▽

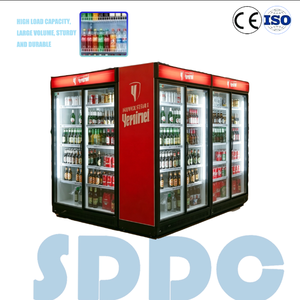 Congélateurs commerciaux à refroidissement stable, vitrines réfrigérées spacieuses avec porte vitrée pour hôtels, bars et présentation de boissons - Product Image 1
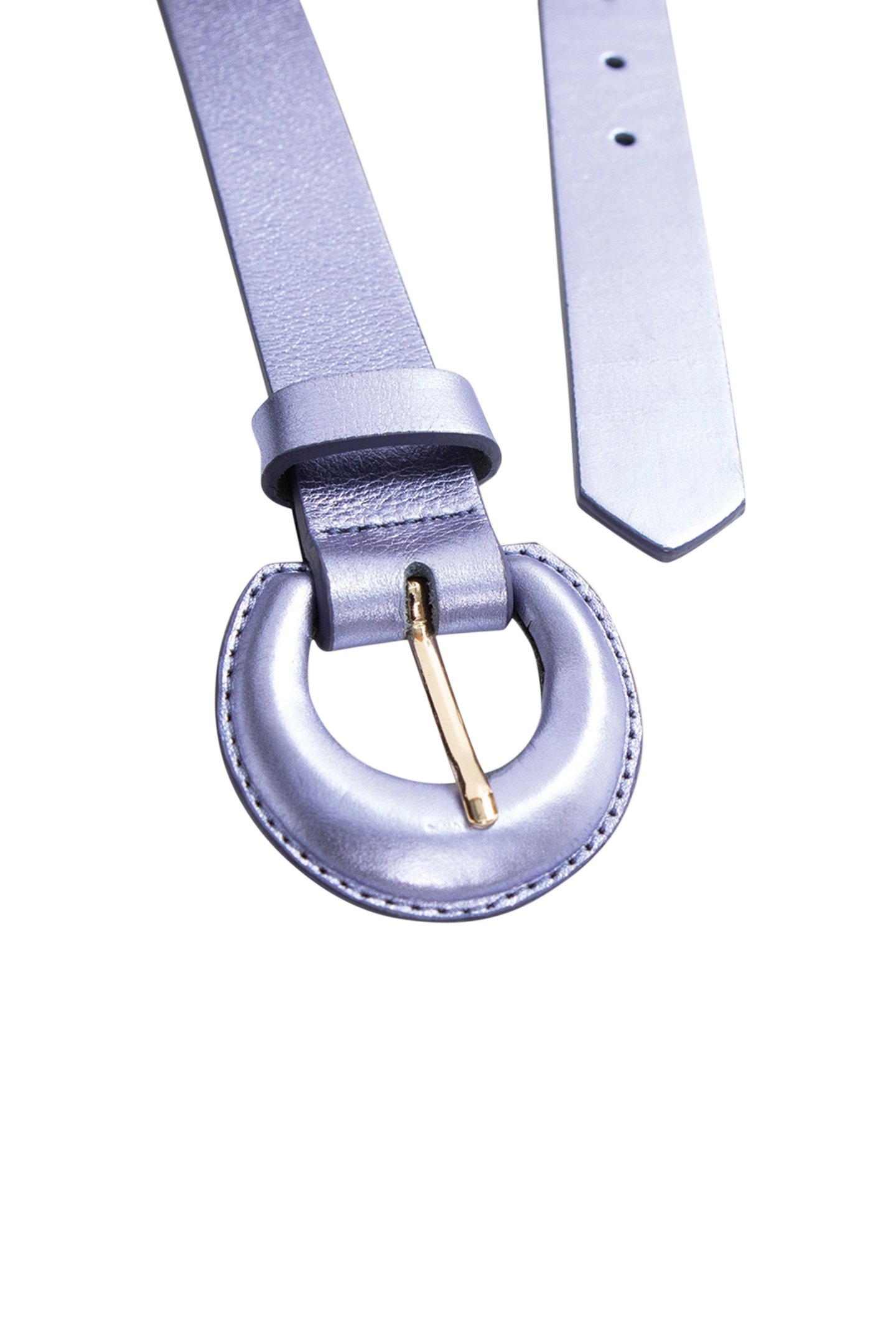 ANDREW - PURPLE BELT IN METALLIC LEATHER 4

△
▽

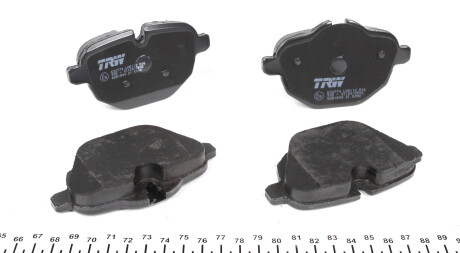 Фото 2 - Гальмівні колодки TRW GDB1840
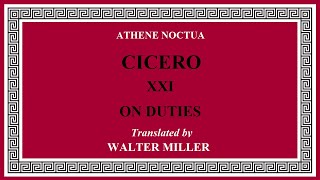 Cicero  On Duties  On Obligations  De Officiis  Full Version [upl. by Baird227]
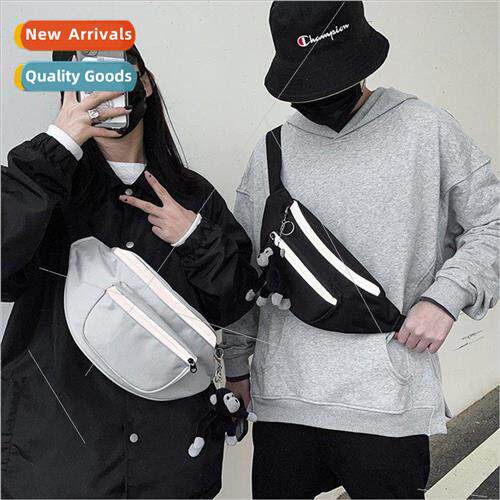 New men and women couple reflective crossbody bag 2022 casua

△

* Your instructions
Print exactly the lines above that run from the one with "Congélateurs commerciaux à" to the one with "ANDREW - PURPLE BELT IN METALLIC LEATHER 4", both included. No pictures.

* Answer area
 Congélateurs commerciaux à refroidissement stable, vitrines réfrigérées spacieuses avec porte vitrée pour hôtels, bars et présentation de boissons - Product Image 1
 ANDREW - PURPLE BELT IN METALLIC LEATHER 4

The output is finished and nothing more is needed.